Friday, May 30, 2008

Bring back King Coal

According to the BBC, an estimated 2.5 million households are in "fuel poverty" with things set to get worse over the coming months.

Concern for those on low incomes is growing since energy suppliers announced steep rises in the price of gas and electricity. All the major suppliers announced double-digit increases in early 2008, and more rises are expected by the end of the year.

Leaving aside the dubious label of "fuel poverty" (based on a household spending more than 10% of it's income on fuel - if you include fuel for vehicles I expect most of us are in "fuel poverty"!) the thing that strikes me about this is that the plans for addressing the problem do nothing to address the real cause.

Most of the energy companies have so-called "social tariffs", and ministers are proposing that data identifying poorer families could be shared with the companies to ensure they pay the cheaper rates.

How will this help? It might have a short term impact, but after a couple more price rises it will soon be cancelled out. The problem will not be fixed by helping people pay their bills in the short term - the problem with fuel is the rapidly rising cost due to increasing worldwide demand and a limited supply of resources.

Interestingly, Friends of The Earth - one of the chief NGO alarmists who claim that CO2 will cause unstoppable global warming leading to Britain becoming a Mediterranean idyll/tropical paradise/desert wasteland (delete as appropriate) have an opinion which the BBC consider worthwhile repeating. Why? I don't know - Friends of the Earth are not generally friends of people.

Ed Matthew of Friends of the Earth said: "The new fuel poverty measures announced today won't fix the problem - people will still be left out in the cold.

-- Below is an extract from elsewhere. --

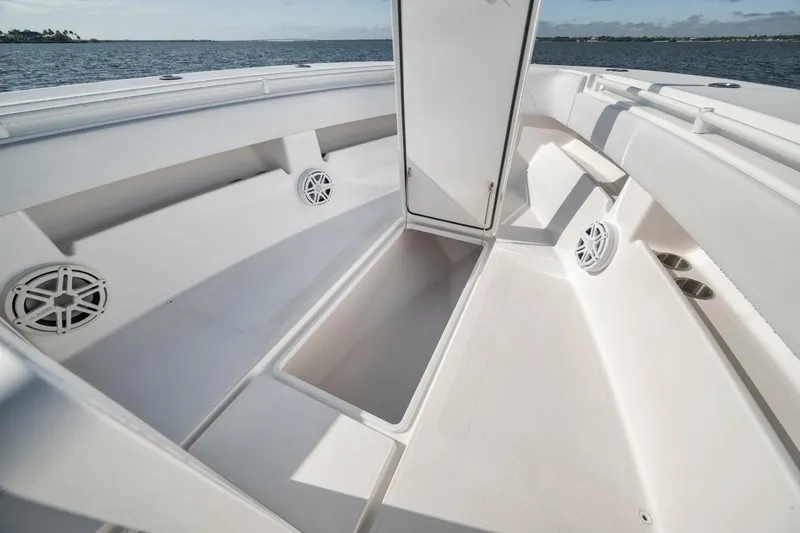 Slide: The Image of 2018 Invincible 36' Open Fisherman boat interior with storage and speakers. - 18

What cold, Ed? According to you we're all going to be burning on a hell on earth inside a couple of years so why worry about the cold?

"The only way to warm up our four million fuel-poor homes is to super-insulate them and help them produce their own energy. "

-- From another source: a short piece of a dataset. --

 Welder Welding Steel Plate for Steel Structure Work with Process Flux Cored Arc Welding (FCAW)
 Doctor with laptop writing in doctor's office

One wonders how such a naive opinion can get repeated on a major news site - but it's one of those wonderful "green" NGOs who the Beeb love so much even if they are really just a bunch of anti-human anti-capitalism deep red Marxists covered in a green coat - watermelons.

How exactly are people supposed to generate their own energy? Solar panels? They won't even provide enough energy for the hot water. Wind power? Do me a favour - even assuming it generates anything like enough at best (which it won't), at worst it won't produce any energy at all. What are people supposed to do then?

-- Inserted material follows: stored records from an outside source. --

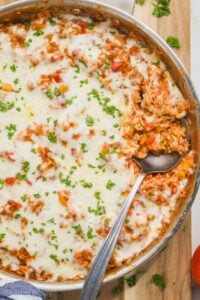 overhead of a skillet of stuffed pepper casserole with a spoon digging in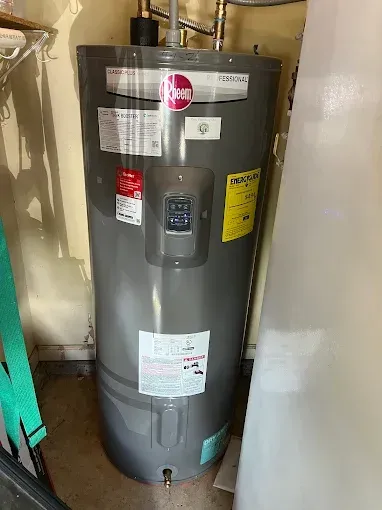 Gray Rheem water heater in a utility room.
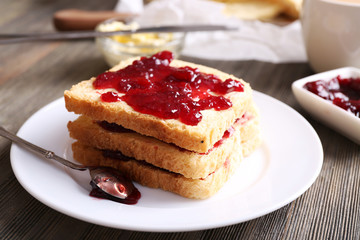 Bread with butter and homemade jam on wooden table, closeup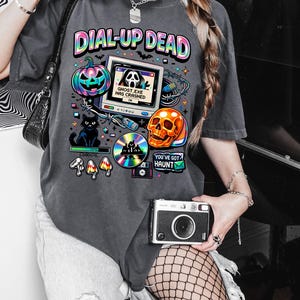 May include: Dark grey t-shirt featuring a colourful graphic with the text "DIAL-UP DEAD." The design includes a pumpkin, skull, computer screen, and a black cat. The text "GHOST.EXE HAS CRASHED" is on the screen.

It might work if we all go back to living in early 20th century conditions - no telly, no computers, very little electricity, going to bed when it gets dark and using candles to light the way - but who wants that? Plus the fact that those people at least had a warm fire to heat their rooms - something which FoE are keen to avoid at all costs.

The problem is that Britain has become reliant on resources which are too limited - gas and oil. Renewables such as wind and solar power are never going to solve the problem because they are unreliable sources. When the wind is too weak or too strong wind farms generate NO power. When there is no sun, solar power is useless. Reliance on such resources is a recipe for power failures on a grand scale - and quite often at a time when demand is at it's highest. Wind and solar power requires conventional power generation as a back up - and to be capable of taking over from those sources when they are not generating power those conventional sources need to be kept running ALL the time - so why not just use them instead? It would be cheaper and far more reliable. Except of course they are running on limited resources themselves - oil and gas.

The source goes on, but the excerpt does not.